Question : Vous évoquez une augmentation de 30% des AVC pendant les festivités. Pouvez-vous préciser votre constat : sur quelle période et quel est le profil type des patients concernés ?
Dr Ismaël Mhoudine Said : Il faut comprendre que le risque cardiovasculaire explose dès 65 ans. C'est le profil que nous voyons le plus en consultation et aux urgences pendant les trois à quatre mois de festivités, y compris les préparatifs du Anda. Ce sont des patients de plus de 65 ans, hypertendus, diabétiques, ou les deux à la fois. Mais un phénomène nouveau et inquiétant apparaît : des AVC hémorragiques chez des adultes jeunes, de 50 à 55 ans, sans autre antécédent que l'alcoolisme chronique, la fameuse petite bouteille devenue un fléau.
Question : Vous citez le manque de suivi, le défaut d'observance thérapeutique et les excès alimentaires. Concrètement, comment ce triptyque peut-il déclencher à la fois un AVC ischémique et un AVC hémorragique ?

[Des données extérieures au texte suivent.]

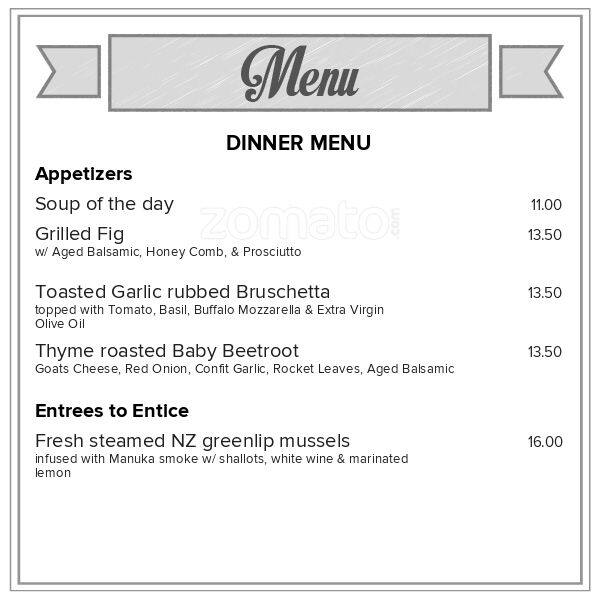 Mint Restaurant Menu, Menu podniku Mint Restaurant, Napier, Napier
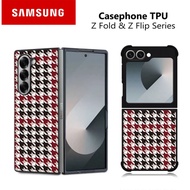 TPU Case for Samsung Z Fold and Z Flip 7 6 5 4 3 Geometric Houndstooth RK552 Hybrid Cover Rubber Glo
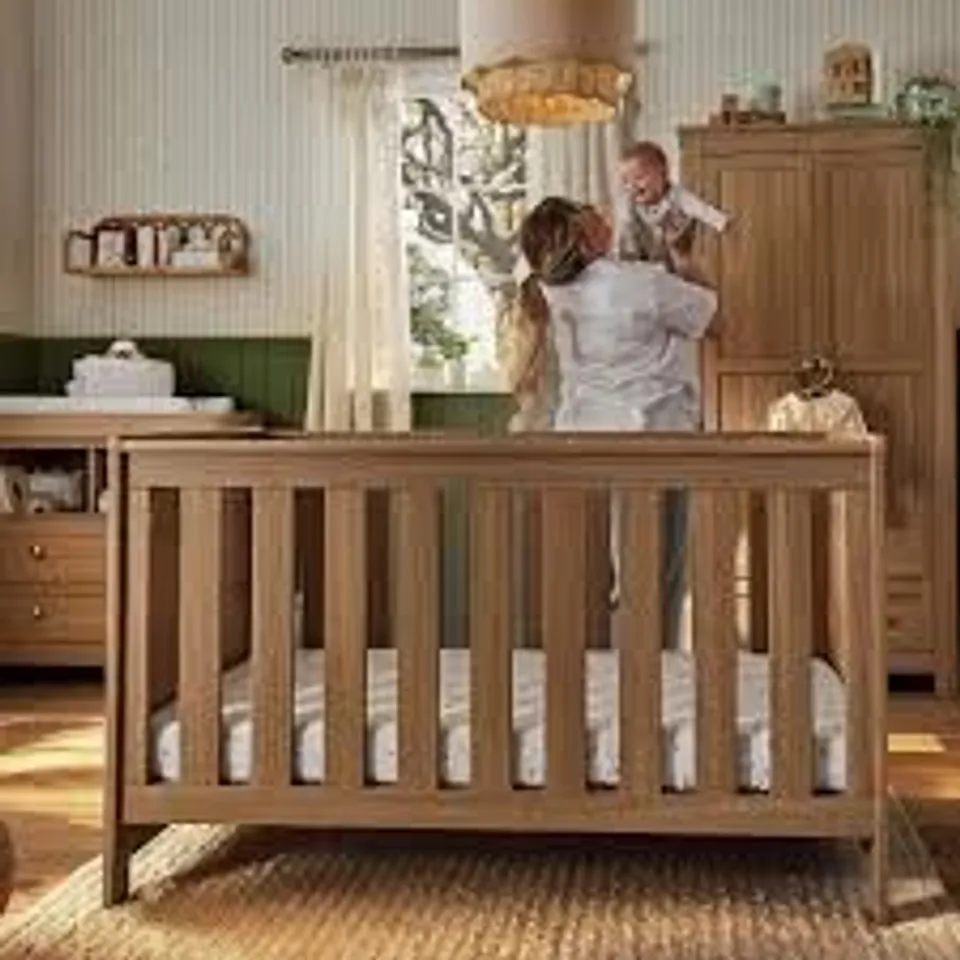 BOXED CUDDLE CO. BURFORD COT BED - OAK (2 BOXES)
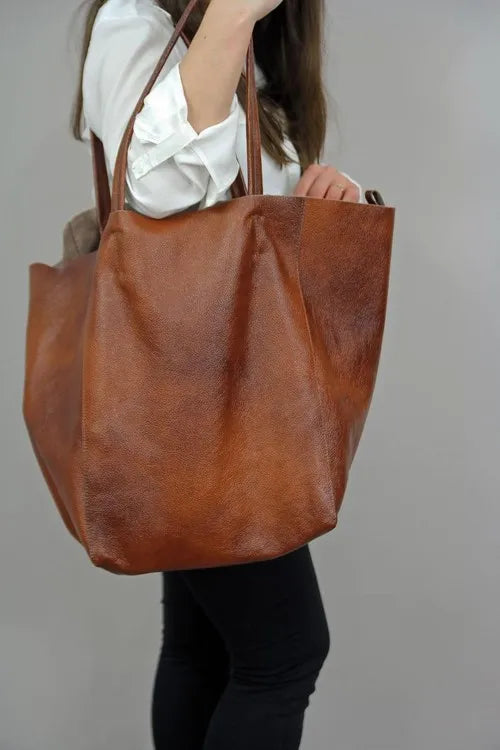 Agnes™ | Elegante braune Ledertasche in Übergröße mit passender Tasche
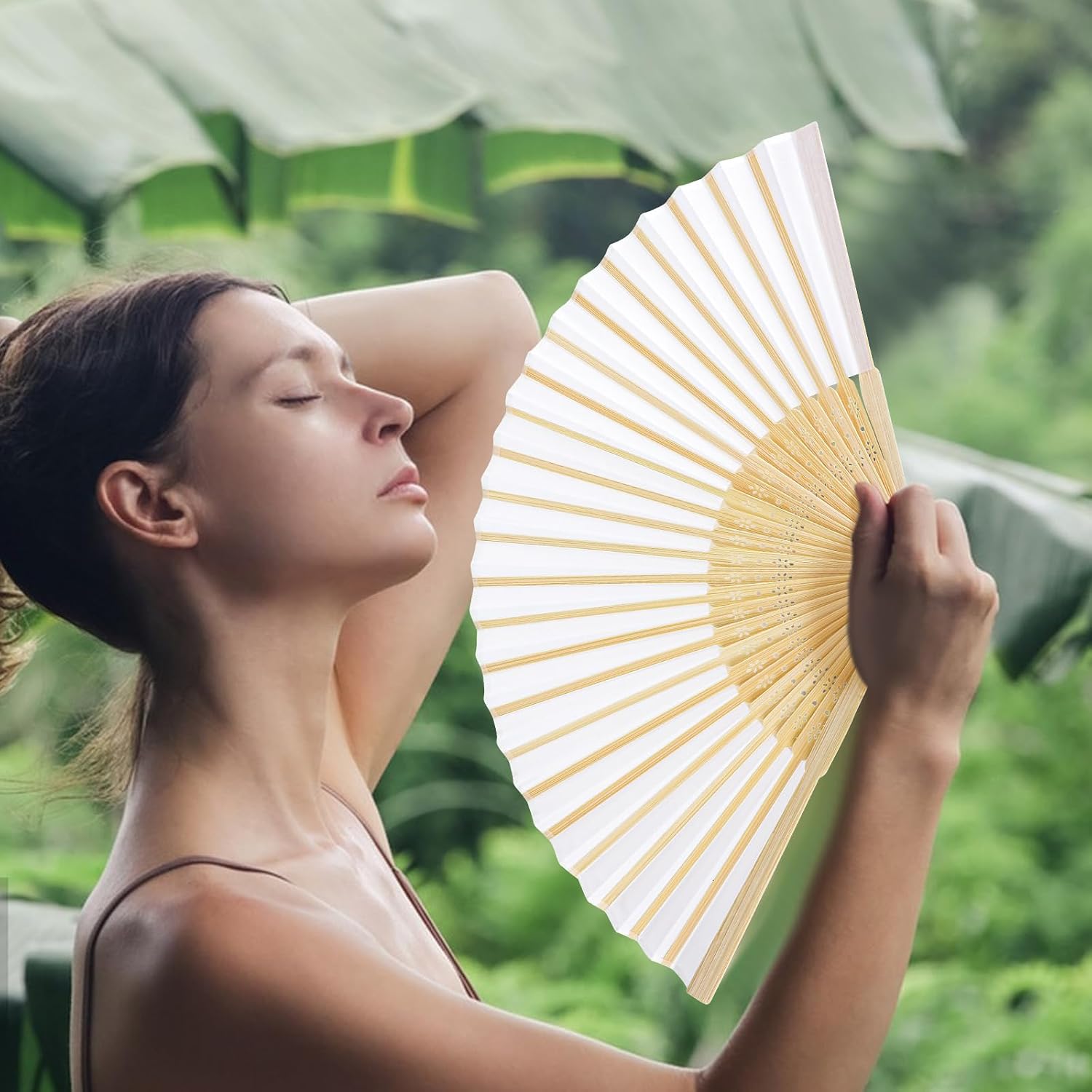 2Pcs White Fabric Silk Handheld Folding Hand Fan Bamboo Ribs Chinese Japanese Style for Dancing, Party, Summer, Festival, Event Favor Birthday Wedding Guests Souvenir, Women Accessories and Gifts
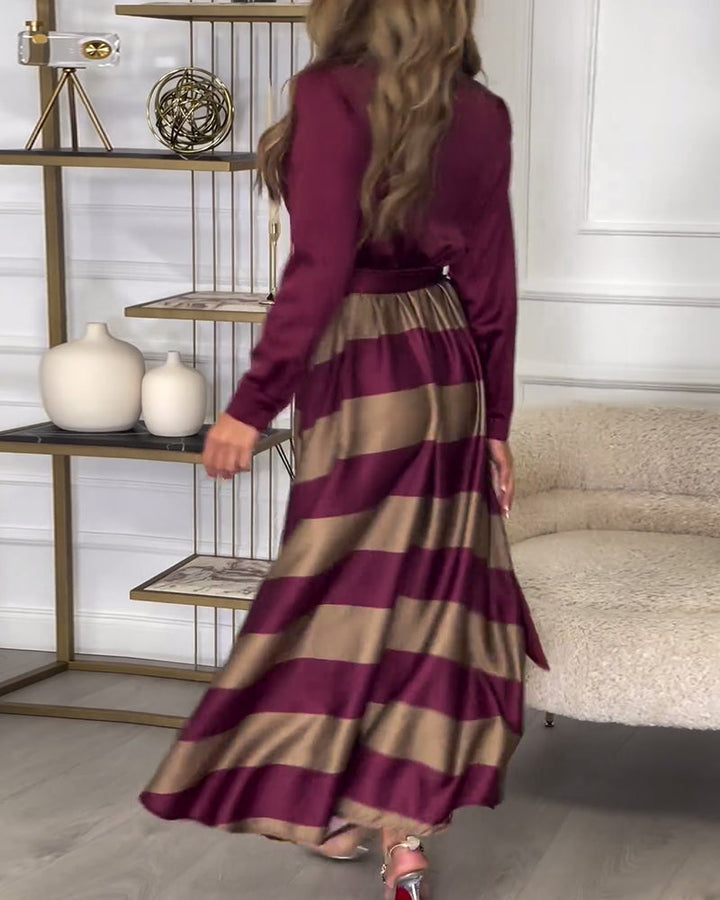 Elegant striped printed lapel strap dress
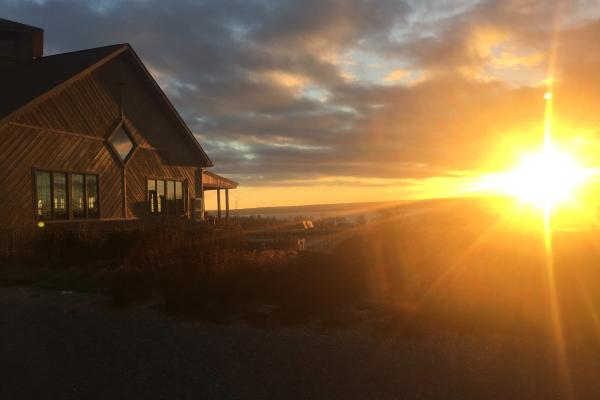 sunset with sun globe at right middle side of image with sun rays hitting the tasting room
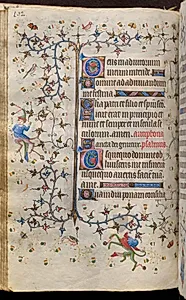 Hours of Charles the Noble, King of Navarre (1361-1425): fol. 96v, Text by Master of the Brussels Initials and Associates (French)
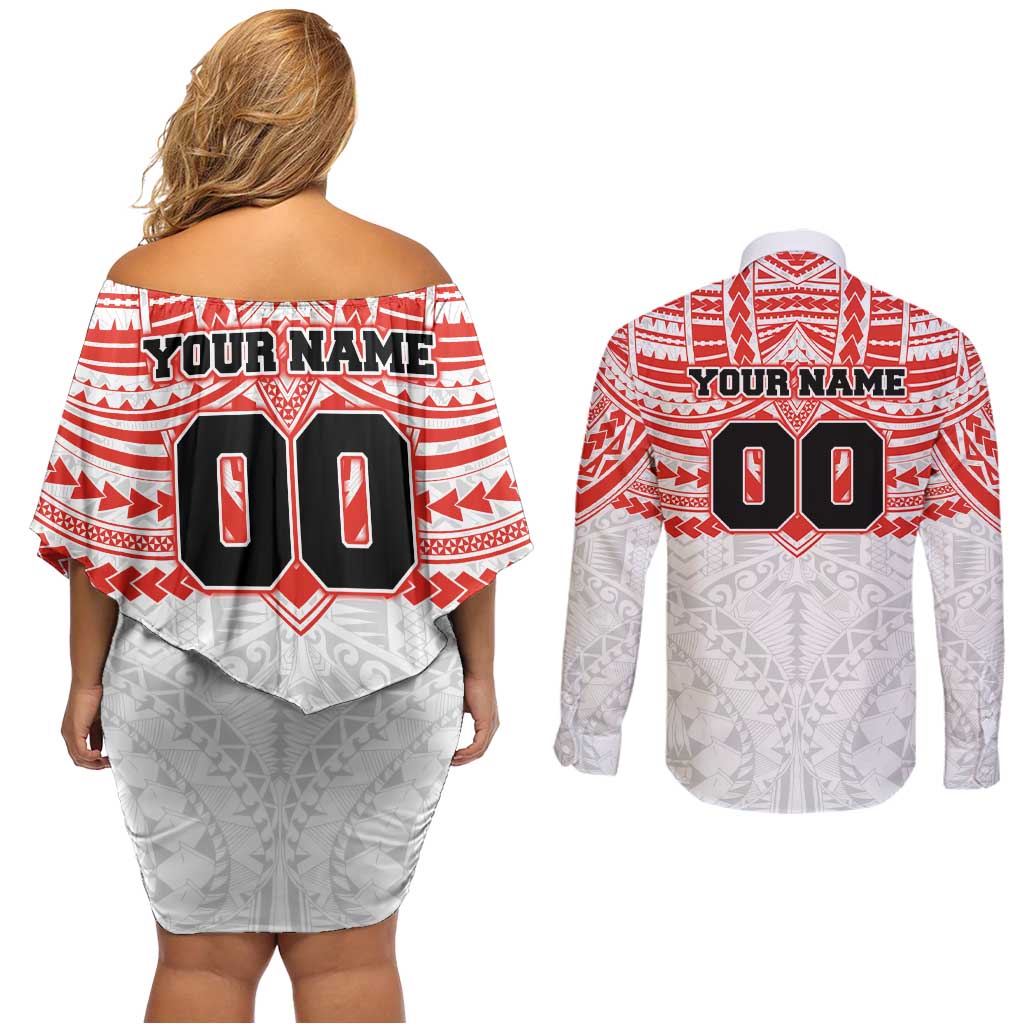 Personalized Sydney Swans Couples Matching Off Shoulder Short Dress and Long Sleeve Button Shirt Polynesian Tribal Pattern Heritage Football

Dr I.M.S : C'est une question d'observance stricte. Un diabétique ou un hypertendu a un traitement à vie. Quand il saute des prises ou arrête, il déséquilibre toute sa régulation vasculaire. Un diabète déséquilibré détruit les vaisseaux, favorise les plaques d'athérome, bouche les petites artères et peut provoquer une ischémie cérébrale, mais aussi une hémorragie. Pour l'hypertension, c'est identique : excès de sel, manque d'eau remplacée par sodas ou boissons énergisantes, absence de marche quotidienne de 30 minutes fragilisent la paroi vasculaire. Une poussée tensionnelle peut rompre un vaisseau et causer un AVC hémorragique, ou obstruer l'irrigation et provoquer un AVC ischémique. L'hypertension fatigue aussi le cœur, qui n'irrigue plus correctement le cerveau. Pendant les fêtes, l'adrénaline et l'euphorie donnent une fausse sensation de forme. Le patient se croit guéri et oublie son traitement. Tout s'accumule jusqu'à la décompensation : une fois les festivités terminées, l'organisme n'a plus de réserves et c'est l'explosion des urgences.
Question : Ce pic semble évitable. Quelles sont vos recommandations concrètes pour la population et pour le système de santé comorien afin d'éviter la rupture de traitement ?
Dr I.M.S : Il est évitable. Pour la population, la règle est simple : festivités ou pas, on respecte son traitement. Si le médecin dit matin, midi et soir, on respecte l'horaire et la posologie sans exception. On limite le sel à une cuillère par jour maximum, on boit de l'eau et on garde 30 minutes de marche quotidienne, même en période de Anda. Pour le système de santé, il faut anticiper ce pic prévisible. Renforcer la sensibilisation avant l'Aïd et le Anda, organiser des rappels de renouvellement d'ordonnances, éviter toute rupture de stock de médicaments essentiels et maintenir des consultations accessibles pendant les fêtes.